The economic outlook in Kenya has been lowered by 5.7% in 2019, a slight decrease from the estimated 5.8% growth experienced in 2018 by the World Bank.
“The medium-term growth outlook is stable but recent threats of drought could drag down growth,” the World Bank said on Tuesday while releasing its 19th Kenya Economic Update (KEU), Unbundling the Slack in Private Investment. “Risks include drought conditions that could curtail agricultural output, especially if the country’s grain-growing counties are affected.”
Stephanie W. Kimani, Research Economist, Commercial Bank of Africa collaborates this, “growth forecasts for Kenya have remained bullish with the central bank maintaining its projection for 2019 at 6.3%. Even so, downside risks have increased. A protracted dry season following delays in the onset of the long rains has diluted what had been bullish forecasts for the crucial agriculture sector with potential spill over to the agro-dependent manufacturing sector.”
“This could snowball to the agro-dependent manufacturing sector and potentially the external position due to weaker exports,” she adds.
The 2019 growth projection for Kenya was revised downward further because of continued subdued private sector investment in the near-term due to diminished access to credit.
According to the World Bank, growth in 2018 was driven by favorable harvests, a resilient services sector, positive investor confidence, and a stable macroeconomic environment.
However, “The projections assume that the grain-growing regions of Kenya will receive normal rains, albeit with some delays in 2019 before normalizing over the medium term.
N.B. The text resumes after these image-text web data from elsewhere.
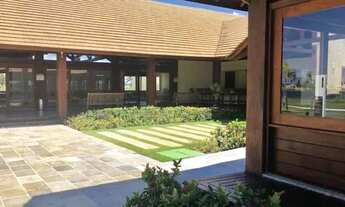 Imagem 6: Alphaville Sergipe - Lote frente leste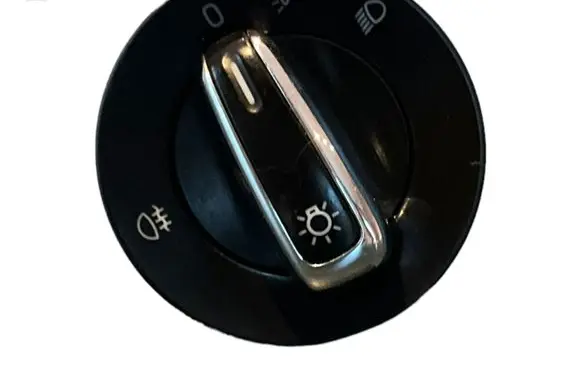Seat Toledo IV (NH) Light switch 6JA941531H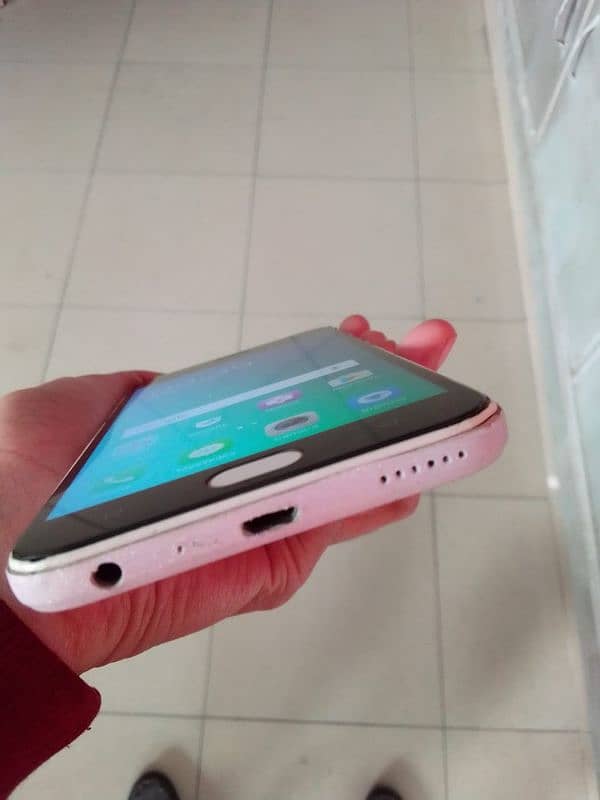 oppo A57 0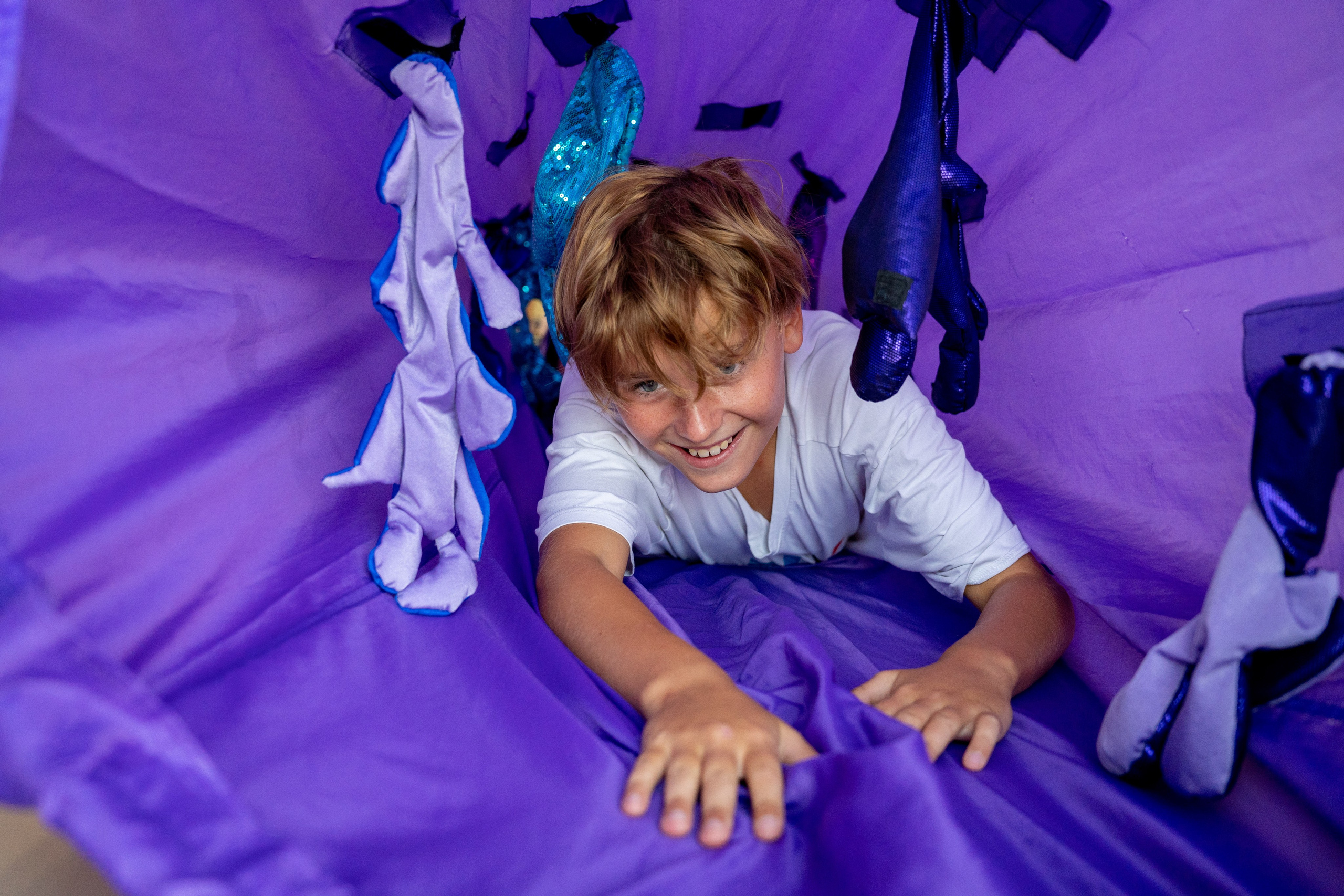 Дни рождения. Детский и семейный фотограф в Краснознаменске Гостеева Екатерина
If the March-May 2019 rains disappoint, especially for the grain-growing regions, then this could result in a further downward revision of growth for 2019 by at least 0.6% point,” said the World Bank report.
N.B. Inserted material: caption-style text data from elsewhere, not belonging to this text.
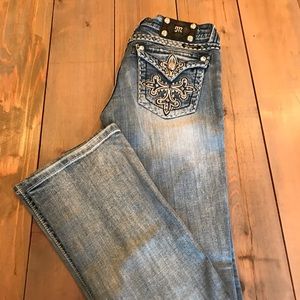 Sexy Miss Me Jeans!!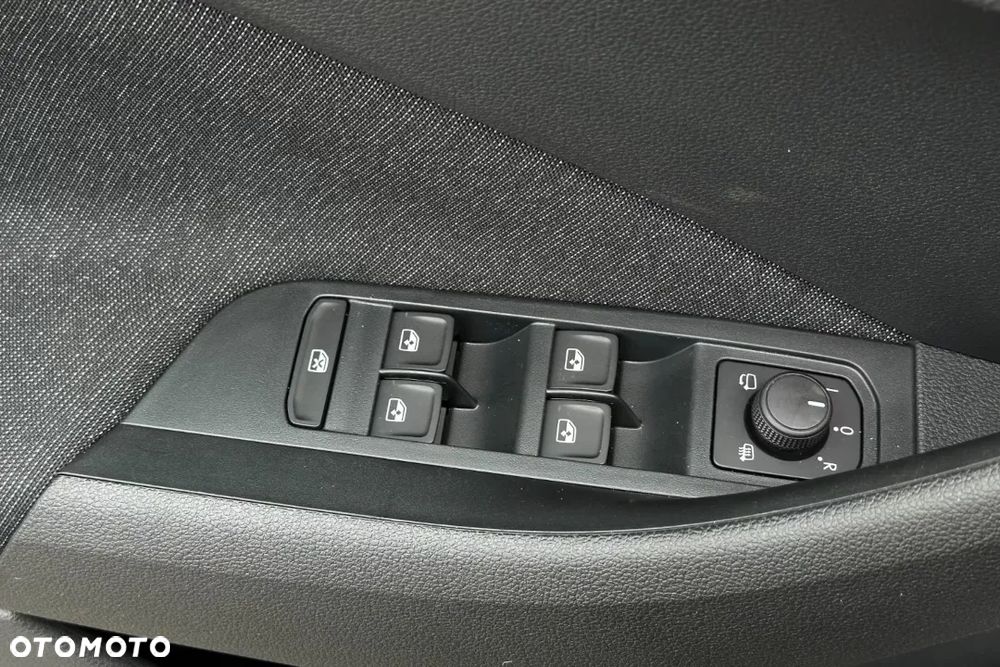 Skoda Kamiq 1.5 TSI Drive DSG - 26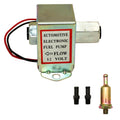 Electric Fuel Lift Transfer Pump for John Deere 9400, 7700 (Fits Bobcat)
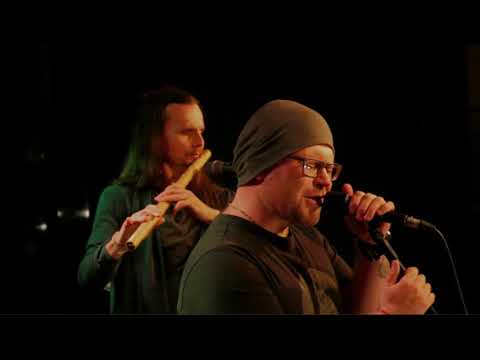 Видео: Онлайн-концерт в поддержку нового альбома Odnono — «Наедине»‎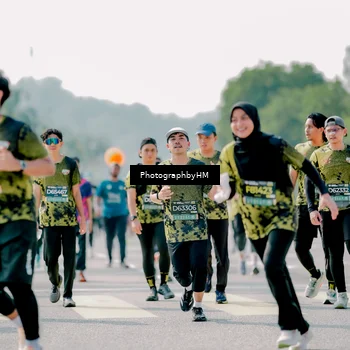 Runner Photo 6537582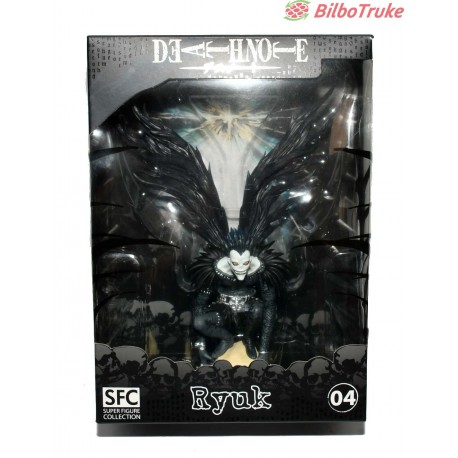 FIGURA RYUK DE DEATH NOTE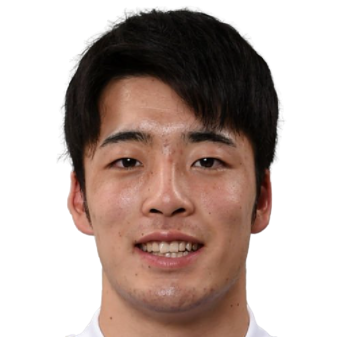 Player: K. Ikeda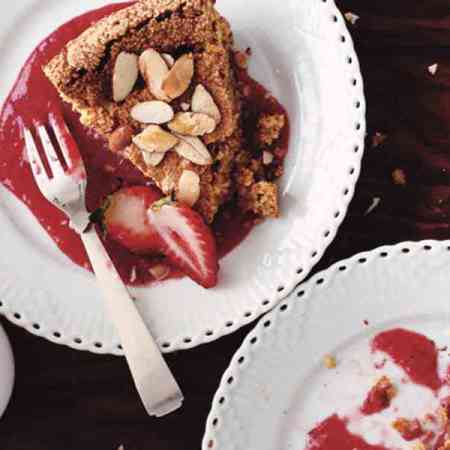 Five Flourless Dessert Ideas for Passover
The March-April-May 2019 period has experienced delayed rains onset in many parts of the country, attributed to the Tropical Cyclone in Southern Africa.
“Delays in the long rain season and a growing need for emergency interventions to deal with food shortages is a reminder of the outstanding challenges in managing agricultural risks in Kenya,” said Felipe Jaramillo, World Bank Kenya Country Director.